2019 yerel seçimlerinde hukuksuz bir şekilde tekrarlatılan İstanbul Büyükşehir Belediyesi seçimlerini bir kez daha ve büyük farkla kaybettikten sonra Cumhurbaşkanı Erdoğan, bu kez AKP’nin belediye meclisindeki çoğunluğunu işaret ederek “Bunlar neye dönmüş biliyor musun, bunlar topal ördek” demişti. Devletin her olanağının iktidar için seferber edildiği ve her türlü aracın devreye sokulduğu 2023 genel seçimlerinde ise, Erdoğan ve iktidar bloku (Cumhur İttifakı) oldukça tartışmalı bir “zafer” elde etmişti. Bu yüzden bu genel seçimlerden on ay sonra yapılan 31 Mart yerel seçimleri Erdoğan iktidarı için İstanbul başta kaybettiği yerleri geri alarak dayanaklarını arttırma ve buradan alınacak güçle ekonomik, siyasal ve askeri alandaki saldırılara hız verme bakımından önem taşıyordu. Özellikle ekonomik alanda işçi sınıfı ve emekçi halk kitlerinin yoksulluğunu daha da derinleştirecek olan ‘acı reçete’nin seçim sonrasına bekletildiği ve iç politikanın dizaynıyla da bağlantılı olarak Irak Kürdistan Bölgesi’ne yeni bir askeri harekatın hazırlığının yapıldığı biliniyordu. Ancak yerel seçimlerden Erdoğan’ın muhalefeti dağıtma ve saldırılarına alan açma beklentisinin tersi bir sonuç ortaya çıktı. Büyükşehirler başta olmak üzere ülkenin büyük bir bölümünde seçimleri kaybetmekle kalmayıp ana muhalefet partisi CHP’nin gerisinde bir oy alan iktidar, Erdoğan’ın kendi deyimi ile ‘topal ördek’ haline geldi.

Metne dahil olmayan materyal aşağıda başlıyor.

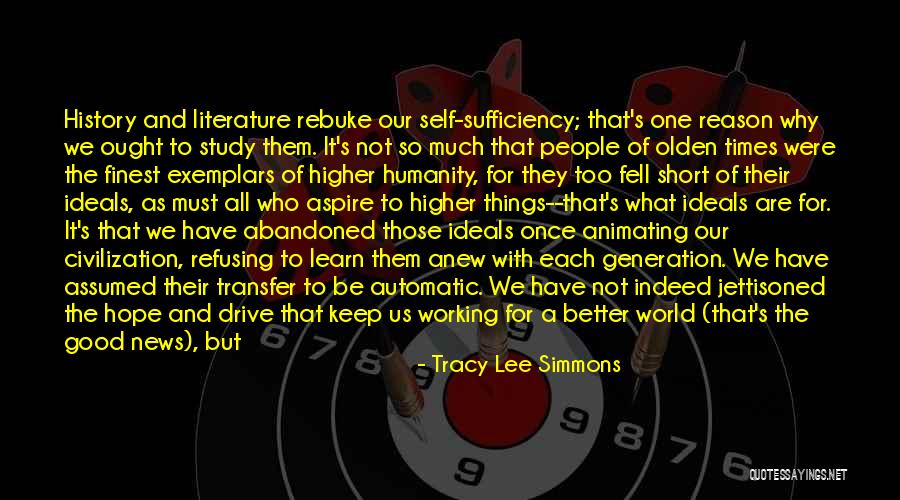 Humanity And Hope Quotes By Tracy Lee Simmons Humanity And Hope Quotes By Tracy Lee Simmons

Yerel seçimler, genel seçimlerde de kendini kısmi olarak gösteren iktidar partisindeki erimenin devam ettiğini çarpıcı bir biçimde ortaya koydu. Bu noktada hem CHP’nin AKP’yi aşan bir oy alma başarısı göstermesine ve hem de Erbakan’ın Yeniden Refah Partisinin (YRP) yükselişine işaret etmek gerekiyor.
Özellikle genel seçim sürecinde Erdoğan, rakibi Kılıçdaroğlu’nun Dersimli bir Kürt ve Alevi olması üzerinden şoven-milliyetçi ve mezhepçi bir propagandayı merkeze koyan bir seçim çalışması yürütmüştü. Yerel seçimlerde CHP’nin yüzde 40’lara yaklaşan bir oy alması, din ve milliyetçilik üzerinden yaratılmaya çalışılan kamplaşmanın bu kez Erdoğan’ın istediği gibi bir etki yaratmadığını ve işçi-emekçi halk kitlelerinin tercihlerinde insanca yaşam taleplerinin (CHP’nin bu talepleri ne kadar karşılayabileceğinden bağımsız olarak) öne çıktığını gösteriyor.